Yes, under the current crisis, that is “must-pass” legislation — step one in the Republican thought process. And yes, credit Senate Republicans for at least taking a stand, something they rarely do. But unless they were prepared to withstand charges of undermining the war effort just to get Republican judges confirmed, it was a losing strategy from the start. And it did lose. On Tuesday afternoon, under pressure from the White House, the filibuster collapsed, leaving the party with egg on its face once again. It’s as if the Gingrich debacle of six years ago left no impression.
Make no mistake, Senate Democrats are playing ideological politics with Bush ‘s judicial nominees. Just look at the numbers. This year there have been 117 vacancies on the federal courts — half the seats on the Sixth Circuit Court of Appeals are now vacant. The president has thus far nominated 60 candidates to fill those vacancies. Yet only 12 of those nominees have been confirmed by the Senate, and two of those were Democratic holdovers from the Clinton years, renominated by President Bush as a gesture to the Democrats. Some of the most qualified candidates have languished since early May; yet the Senate Judiciary Committee, controlled by the Democrats since late May, has refused even to hold hearings on their nominations.
What Democrats have done instead is try to thoroughly politicize the confirmation process. Thus, in June, and again in early September, they held hearings not on the nominations but on whether nominees should have to pass an ideological litmus test, made up by Democrats, before being confirmed. What’s the point of having judges hear cases on abortion, gun control, or affirmative action if you’re going to decide those cases, in effect, during the Senate confirmation process? To listen to the Democrats, judges should decide cases not on the facts and the law but on the basis of their ideology. That’s the death of the rule of law.
Republicans, then, have a genuine gripe — about both the way Democrats view the courts and the way they’re going about the judicial confirmation process. It’s as if Democrats were still fighting Bush v. Gore and the Florida long count, which of course is exactly what they’re doing. But if you’re going to oppose this Democratic lawlessness, you’ve got to be smart about it. You’ve got to pick your fights carefully, then take your case to the public forcefully. When the nation’s at war you don’t block the foreign operations spending bill over the confirmation of Republican judges. You don’t have to be a rocket scientist to see Democrats having a field day with that.
Yet those simple points seem to have gone right by the Republicans. Last week Senate Minority Leader Trent Lott (R‑Miss.) confidently crowed that the Democrats eventually would have to make some deal on judicial nominees. “When you’re majority leader, you can huff and puff about how you’re not going to negotiate,” Lott said. “But you have to.” Well, this week it was Lott who blinked.
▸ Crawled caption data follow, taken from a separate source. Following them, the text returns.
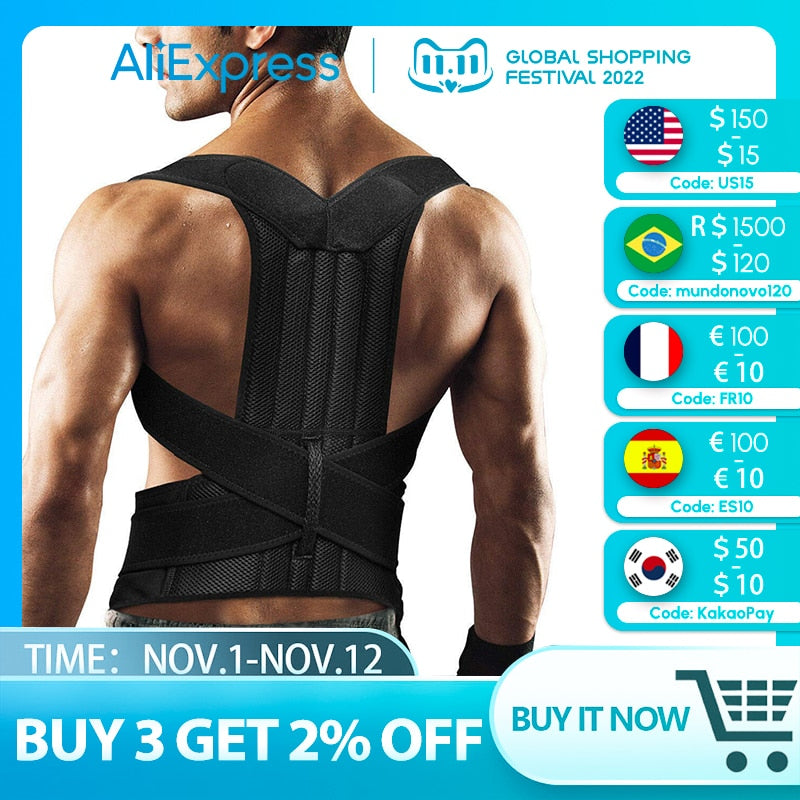 APTOCO Adjustable Back Posture Corrector Shoulder Lumbar Brace Back Support Corretor Posture Correction Spine Trainer Unisex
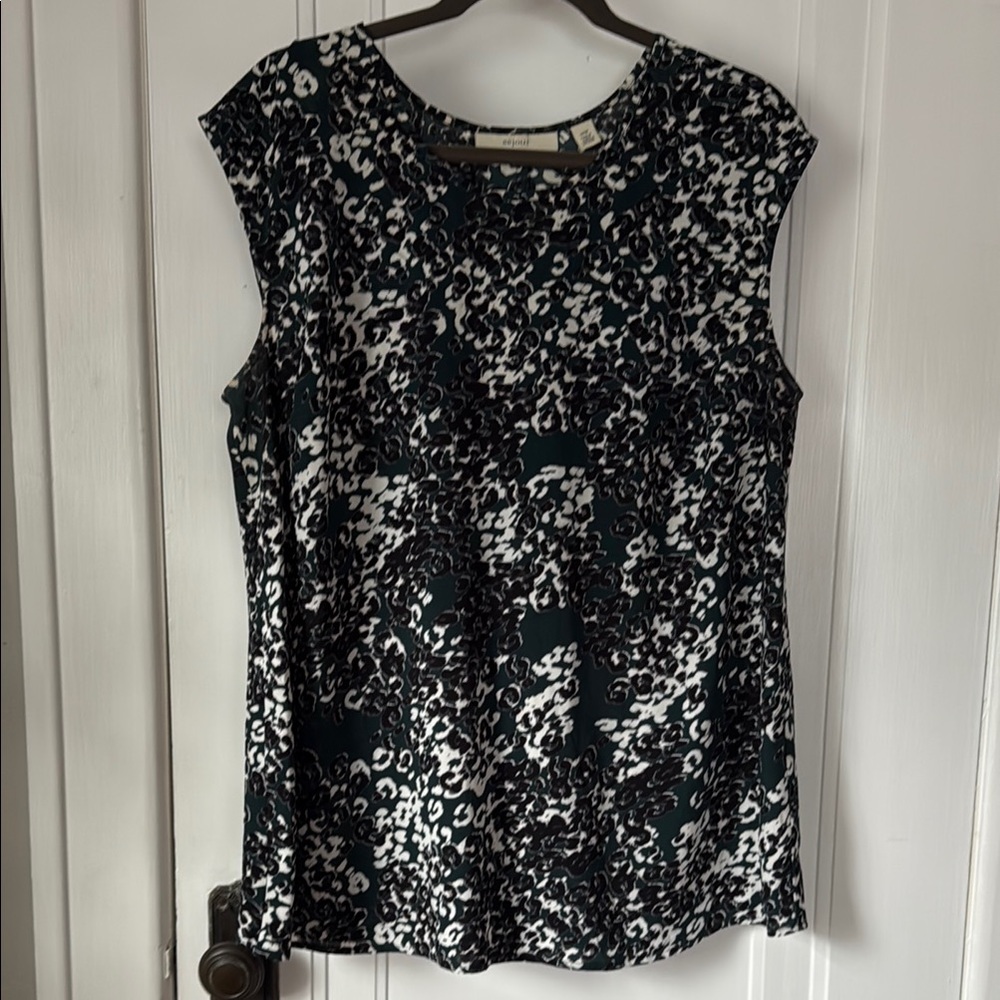 Sejour  Green, Black, and White Cap Sleeve Blouse with Pleated Back
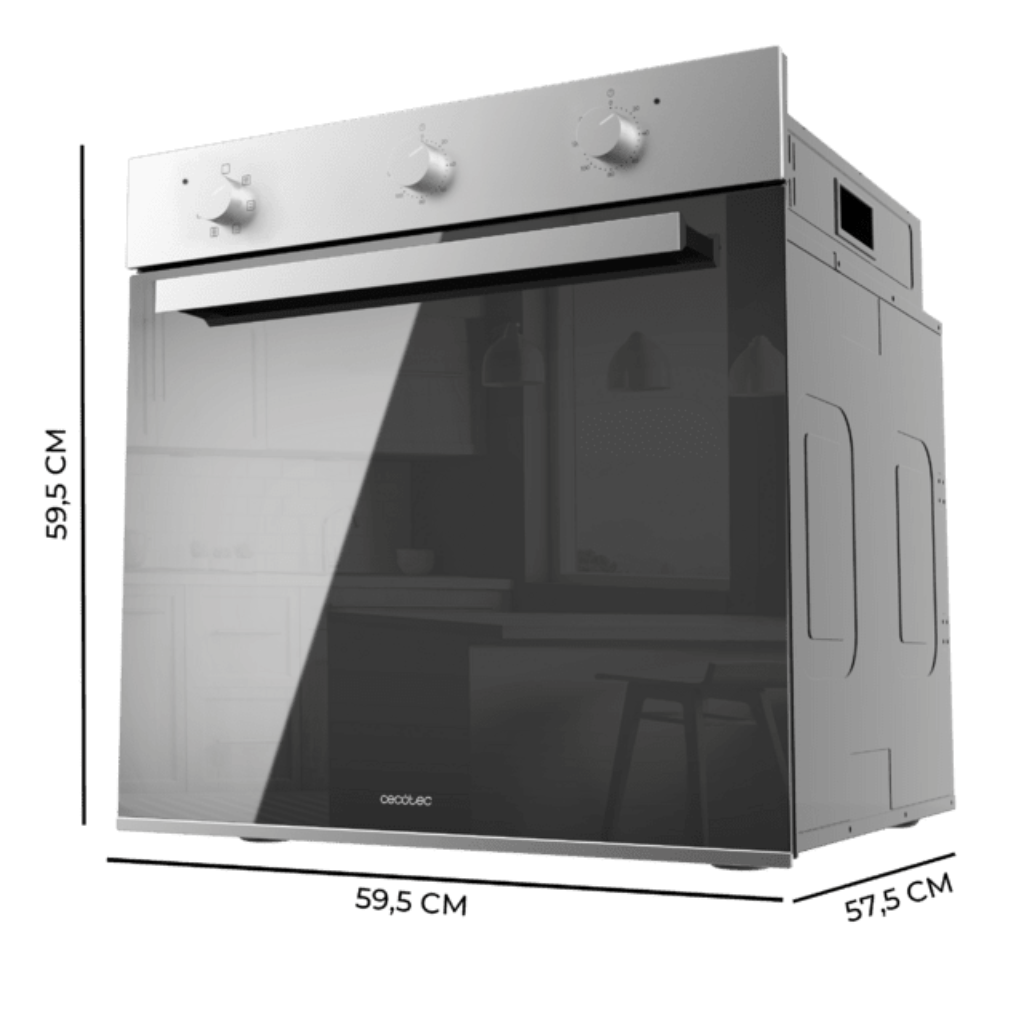 Cecotec Bolero Hexa Mirror Time 60cm Manual Built-In Multifunction Oven 2800W with 70L Capacity & 6 Cooking Functions - 4728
At a congressional leadership breakfast at the White House on Tuesday, President Bush asked Senate Majority Leader Tom Daschle (D‑S.D.) if there was any progress on judicial confirmations. Daschle pointed to the Republican stall, then added, “you need these appropriations bills more than I do.” Either the president hadn’t been briefed by Senate Republicans, or he wasn’t on board. But in either case, the party folded its tent. Perhaps the most revealing line came later from Lott, after rightly criticizing Senate Judiciary Committee Chairman Patrick Leahy (D‑Vt.) for moving confirmations so slowly: “It’s important not to be arguing even over that.”
Thus, it’s comity, above all, that Senate Republicans seem to crave. If they want to be in the game, they’re going to have to learn hardball. For the moment, however, we’re told that they’ve turned their attention to an energy bill as part of an economic stimulus package. We’re all Keynesians now.